Pouvez-vous décrire le début de votre processus de création ? Quel en est le point de départ ? Y-a-t-il un processus intellectuel avant d’approcher une toile ou de commencer une sculpture ?

Je pense que mon travail était et est toujours une indication du « moment ». Être dans le « moment », une expérience qui nous échappe rapidement. Damien Hirst aime explorer la Mort et comment nous nous sentons concernés par la Mort. J’aime explorer la prise de conscience et la façon dont nous continuons de créer des distractions qui nous éloignent du moment présent. Comment nous traitons les émotions, comment nous générons un sentiment et comment nous communiquons réellement. Cela m’inspire vraiment d’explorer la prise de conscience. En faisant ça, j’ai l’impression de tenir un miroir face à la beauté et à la magie  et j’espère encourager les gens à marcher dans la vie les yeux ouverts plutôt que fermés.

Quelles émotions essayez-vous de créer ?

J’espère que mon travail force le spectateur à être dans le moment, l’amène à cet endroit précis, déclenche le processus de compréhension intérieure des choses. Mon but est d’encourager et d’inviter le spectateur à supprimer la distraction, même pour un court instant, et d’être présent dans le moment qui est la forme la plus pure d’existence. Donc si je peux vous aider à vous ancrer dans le moment présent et déclencher une cascade d’émotions qui peuvent vous aider à mieux vous connecter avec vous-même et les personnes autour de vous, alors j’ai fait ce que j’avais l’intention de faire et je suis heureux.

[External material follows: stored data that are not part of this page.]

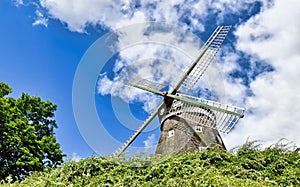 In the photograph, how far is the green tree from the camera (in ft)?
45.4

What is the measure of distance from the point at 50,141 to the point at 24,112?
5.71 ft

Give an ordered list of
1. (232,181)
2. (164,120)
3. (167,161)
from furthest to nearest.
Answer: (164,120), (167,161), (232,181)

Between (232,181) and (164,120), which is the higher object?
(164,120)

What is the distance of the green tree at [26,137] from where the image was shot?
45.4 ft

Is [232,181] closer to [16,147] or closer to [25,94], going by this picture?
[16,147]

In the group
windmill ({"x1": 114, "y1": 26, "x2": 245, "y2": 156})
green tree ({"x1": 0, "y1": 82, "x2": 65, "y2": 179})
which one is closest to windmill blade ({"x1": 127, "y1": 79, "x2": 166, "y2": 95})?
windmill ({"x1": 114, "y1": 26, "x2": 245, "y2": 156})

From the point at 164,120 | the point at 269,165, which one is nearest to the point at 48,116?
the point at 164,120

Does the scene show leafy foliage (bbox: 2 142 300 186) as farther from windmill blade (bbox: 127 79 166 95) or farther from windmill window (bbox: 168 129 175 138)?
windmill blade (bbox: 127 79 166 95)

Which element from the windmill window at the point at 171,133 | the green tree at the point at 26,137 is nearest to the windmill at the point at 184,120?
the windmill window at the point at 171,133

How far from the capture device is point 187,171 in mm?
7363

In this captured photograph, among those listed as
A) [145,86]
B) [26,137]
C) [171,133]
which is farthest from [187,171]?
[26,137]

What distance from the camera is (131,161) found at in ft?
26.3

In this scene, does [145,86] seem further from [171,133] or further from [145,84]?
[171,133]

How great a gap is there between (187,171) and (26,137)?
8901 millimetres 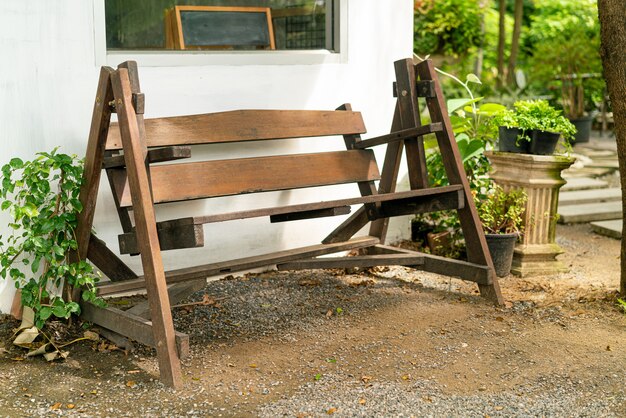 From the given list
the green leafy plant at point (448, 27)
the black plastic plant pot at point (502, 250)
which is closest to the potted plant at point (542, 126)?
the black plastic plant pot at point (502, 250)

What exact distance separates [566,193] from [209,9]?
4.81 m

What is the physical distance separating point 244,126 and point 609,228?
398 cm

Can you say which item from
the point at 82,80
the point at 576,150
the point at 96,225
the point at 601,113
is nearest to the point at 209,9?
the point at 82,80

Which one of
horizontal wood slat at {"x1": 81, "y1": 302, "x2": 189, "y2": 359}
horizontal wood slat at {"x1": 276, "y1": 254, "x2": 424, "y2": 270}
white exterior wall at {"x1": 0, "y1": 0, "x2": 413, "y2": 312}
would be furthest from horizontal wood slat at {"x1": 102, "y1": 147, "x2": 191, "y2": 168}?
horizontal wood slat at {"x1": 276, "y1": 254, "x2": 424, "y2": 270}

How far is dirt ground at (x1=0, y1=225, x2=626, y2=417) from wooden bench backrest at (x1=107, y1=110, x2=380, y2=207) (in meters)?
0.71

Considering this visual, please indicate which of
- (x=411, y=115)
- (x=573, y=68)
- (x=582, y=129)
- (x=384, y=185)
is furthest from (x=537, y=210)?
(x=573, y=68)

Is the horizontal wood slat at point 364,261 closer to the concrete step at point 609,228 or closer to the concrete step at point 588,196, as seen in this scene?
the concrete step at point 609,228

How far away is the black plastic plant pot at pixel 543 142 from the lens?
585cm

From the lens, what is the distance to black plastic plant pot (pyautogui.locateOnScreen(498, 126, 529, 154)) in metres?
5.96

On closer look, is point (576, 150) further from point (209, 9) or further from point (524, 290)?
point (209, 9)

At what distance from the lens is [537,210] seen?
596cm

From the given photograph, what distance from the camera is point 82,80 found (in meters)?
4.69

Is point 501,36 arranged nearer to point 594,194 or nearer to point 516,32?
point 516,32

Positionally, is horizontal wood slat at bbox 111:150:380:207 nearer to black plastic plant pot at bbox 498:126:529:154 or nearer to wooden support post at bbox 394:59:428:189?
wooden support post at bbox 394:59:428:189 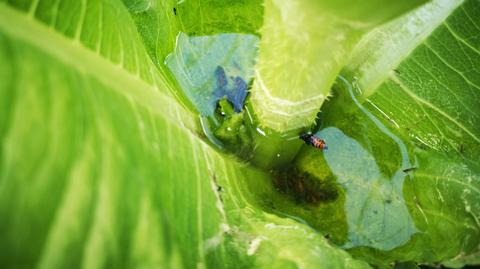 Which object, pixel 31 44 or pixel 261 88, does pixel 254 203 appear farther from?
pixel 31 44

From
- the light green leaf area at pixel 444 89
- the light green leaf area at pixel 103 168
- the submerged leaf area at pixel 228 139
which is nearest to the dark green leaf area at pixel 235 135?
the submerged leaf area at pixel 228 139

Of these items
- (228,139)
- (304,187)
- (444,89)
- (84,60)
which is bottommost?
(304,187)

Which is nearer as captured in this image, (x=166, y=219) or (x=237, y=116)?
(x=166, y=219)

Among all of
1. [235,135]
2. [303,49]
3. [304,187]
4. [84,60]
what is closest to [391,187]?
[304,187]

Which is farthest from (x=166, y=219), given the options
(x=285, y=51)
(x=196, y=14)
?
(x=196, y=14)

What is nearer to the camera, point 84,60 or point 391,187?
point 84,60

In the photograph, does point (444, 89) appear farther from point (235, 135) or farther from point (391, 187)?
point (235, 135)
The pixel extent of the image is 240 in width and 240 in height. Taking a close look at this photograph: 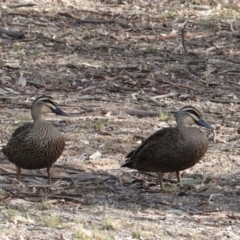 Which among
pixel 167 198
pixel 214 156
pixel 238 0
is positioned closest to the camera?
pixel 167 198

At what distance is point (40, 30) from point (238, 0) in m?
5.00

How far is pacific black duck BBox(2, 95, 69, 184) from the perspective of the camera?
10.4 m

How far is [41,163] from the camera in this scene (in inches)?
409

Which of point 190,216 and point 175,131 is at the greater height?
point 175,131

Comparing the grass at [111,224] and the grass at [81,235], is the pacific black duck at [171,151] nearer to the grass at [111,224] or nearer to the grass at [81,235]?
the grass at [111,224]

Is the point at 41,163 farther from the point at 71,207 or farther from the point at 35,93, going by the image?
the point at 35,93

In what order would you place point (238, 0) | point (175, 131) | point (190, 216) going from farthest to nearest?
1. point (238, 0)
2. point (175, 131)
3. point (190, 216)

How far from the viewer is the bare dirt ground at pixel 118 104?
9.09 metres

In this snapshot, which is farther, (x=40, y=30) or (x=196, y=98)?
(x=40, y=30)

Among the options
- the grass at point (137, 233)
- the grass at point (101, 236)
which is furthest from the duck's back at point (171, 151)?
the grass at point (101, 236)

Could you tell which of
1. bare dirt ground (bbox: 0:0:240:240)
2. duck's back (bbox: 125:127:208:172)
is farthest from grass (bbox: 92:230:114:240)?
duck's back (bbox: 125:127:208:172)

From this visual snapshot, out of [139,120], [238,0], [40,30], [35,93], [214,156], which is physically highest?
[238,0]

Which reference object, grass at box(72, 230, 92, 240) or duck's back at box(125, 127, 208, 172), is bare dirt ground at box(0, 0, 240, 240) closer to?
grass at box(72, 230, 92, 240)

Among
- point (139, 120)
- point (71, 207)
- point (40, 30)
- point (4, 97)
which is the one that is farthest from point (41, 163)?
point (40, 30) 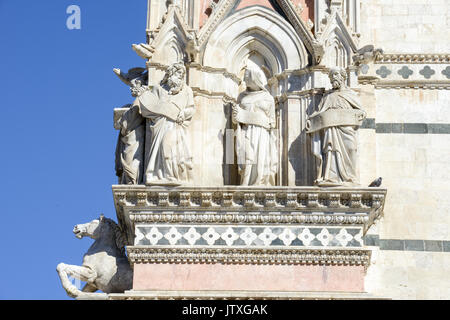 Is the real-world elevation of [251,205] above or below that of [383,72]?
below

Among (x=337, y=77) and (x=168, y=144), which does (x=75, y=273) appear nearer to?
(x=168, y=144)

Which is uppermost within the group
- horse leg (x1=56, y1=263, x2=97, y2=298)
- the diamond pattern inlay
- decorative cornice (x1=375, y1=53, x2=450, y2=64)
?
decorative cornice (x1=375, y1=53, x2=450, y2=64)

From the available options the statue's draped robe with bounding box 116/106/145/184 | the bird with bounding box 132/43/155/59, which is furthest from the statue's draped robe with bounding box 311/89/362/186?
the bird with bounding box 132/43/155/59

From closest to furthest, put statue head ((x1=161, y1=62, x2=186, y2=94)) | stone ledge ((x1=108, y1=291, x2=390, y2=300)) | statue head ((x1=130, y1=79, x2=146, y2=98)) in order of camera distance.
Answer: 1. stone ledge ((x1=108, y1=291, x2=390, y2=300))
2. statue head ((x1=161, y1=62, x2=186, y2=94))
3. statue head ((x1=130, y1=79, x2=146, y2=98))

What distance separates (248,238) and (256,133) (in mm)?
1608

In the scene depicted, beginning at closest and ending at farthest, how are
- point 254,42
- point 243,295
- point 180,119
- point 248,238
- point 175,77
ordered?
1. point 243,295
2. point 248,238
3. point 180,119
4. point 175,77
5. point 254,42

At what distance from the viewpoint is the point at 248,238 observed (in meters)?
15.2

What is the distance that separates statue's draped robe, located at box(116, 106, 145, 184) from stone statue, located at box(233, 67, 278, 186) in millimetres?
1371

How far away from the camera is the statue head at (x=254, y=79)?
16250 mm

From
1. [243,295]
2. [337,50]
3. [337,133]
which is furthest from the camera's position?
[337,50]

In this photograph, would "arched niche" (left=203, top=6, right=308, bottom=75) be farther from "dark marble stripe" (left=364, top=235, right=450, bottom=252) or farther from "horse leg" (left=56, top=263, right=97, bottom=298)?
"horse leg" (left=56, top=263, right=97, bottom=298)

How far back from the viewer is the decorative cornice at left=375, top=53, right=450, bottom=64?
17.2 metres

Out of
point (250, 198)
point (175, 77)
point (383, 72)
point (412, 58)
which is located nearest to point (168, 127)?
point (175, 77)

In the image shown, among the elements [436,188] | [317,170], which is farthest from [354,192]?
[436,188] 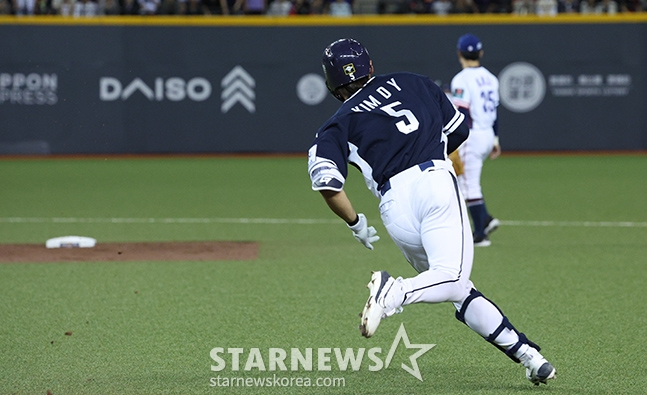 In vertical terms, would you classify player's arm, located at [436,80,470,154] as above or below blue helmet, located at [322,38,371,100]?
below

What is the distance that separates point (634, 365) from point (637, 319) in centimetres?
135

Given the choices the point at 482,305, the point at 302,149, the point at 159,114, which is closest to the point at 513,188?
the point at 302,149

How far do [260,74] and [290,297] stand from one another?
42.7 ft

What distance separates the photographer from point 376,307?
4449 millimetres

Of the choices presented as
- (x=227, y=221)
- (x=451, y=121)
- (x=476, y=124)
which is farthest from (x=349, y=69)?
(x=227, y=221)

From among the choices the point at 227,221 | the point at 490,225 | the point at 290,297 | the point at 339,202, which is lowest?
the point at 227,221

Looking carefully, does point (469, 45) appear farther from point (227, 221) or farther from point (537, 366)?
point (537, 366)

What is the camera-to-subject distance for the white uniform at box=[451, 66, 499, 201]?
10094 millimetres

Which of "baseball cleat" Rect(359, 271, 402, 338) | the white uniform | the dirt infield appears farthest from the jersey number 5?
the white uniform

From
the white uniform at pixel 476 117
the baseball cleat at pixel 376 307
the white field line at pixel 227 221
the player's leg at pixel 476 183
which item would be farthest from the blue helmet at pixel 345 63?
the white field line at pixel 227 221

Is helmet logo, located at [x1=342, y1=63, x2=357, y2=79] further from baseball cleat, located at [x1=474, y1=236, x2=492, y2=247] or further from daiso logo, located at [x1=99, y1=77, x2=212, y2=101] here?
daiso logo, located at [x1=99, y1=77, x2=212, y2=101]

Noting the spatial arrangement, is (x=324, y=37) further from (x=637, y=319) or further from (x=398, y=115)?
(x=398, y=115)

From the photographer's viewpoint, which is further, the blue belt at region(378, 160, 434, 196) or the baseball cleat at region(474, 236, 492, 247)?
the baseball cleat at region(474, 236, 492, 247)

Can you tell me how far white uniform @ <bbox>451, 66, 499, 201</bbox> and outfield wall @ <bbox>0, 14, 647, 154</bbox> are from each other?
985cm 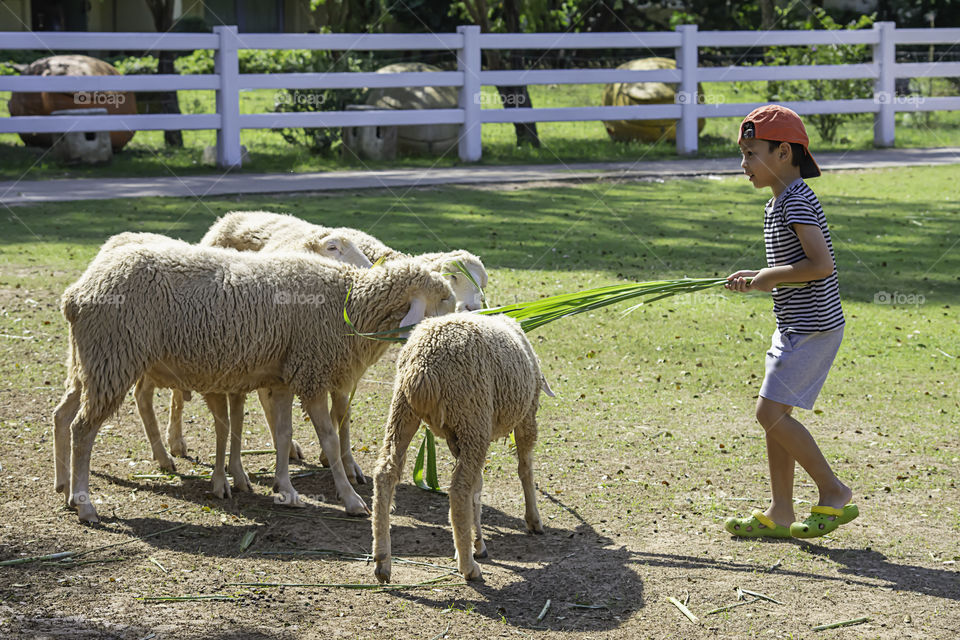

Quelles sont vos sources d’inspiration ?

En plus d’être inspiré par l’exploration de la conscience, mes plus grandes influences sont les relations et le spectre des émotions humaines que j’aime traduire en formules et en équations. J’aime aussi explorer l’interaction de la beauté, du pouvoir et du besoin de comprendre les énergies de la vie. Le potentiel de l’art à transmettre l’énergie positive m’inspire également, ainsi que l’effet de l’énergie positive sur la société dans son ensemble. Quand il s’agit d’autres artistes, j’aime les couleurs de Hans Hofmann, le scénario de Basquiat et l’impact de l’œuvre de Clyfford Still.

Vos tableaux sont plutôt abstraits et vos sculptures plutôt figuratives. Est-ce fait exprès ?

La technologie m’a offert beaucoup d’outils et m’aide à réaliser des sculptures plus proches de l’image que j’ai en tête. Honnêtement, je ne maîtrise pas vraiment les techniques de la peinture et j’ai du mal à recréer parfaitement ma vision.

Certaines de vos toiles sont plutôt monochromes et sombres, et d’autres au contraire très colorées. Quelle importance a la couleur pour vous ?

J’adore la couleur, je l’utilise pour créer une ambiance et un sentiment. C’est très important pour moi, de toute façon, sombre ou coloré, c’est un choix délibéré et destiné à créer une atmosphère.

Vous avez beaucoup de projets. Quel est votre prochain challenge ?

Je travaille sur de belles œuvres pour les salons d’art de cet hiver, un travail vraiment puissant mais équilibré, c’est la meilleure combinaison pour moi. Et j’aime aussi le sport et le mouvement, alors mon travail de sculpture sera vraiment axé sur cela cette année.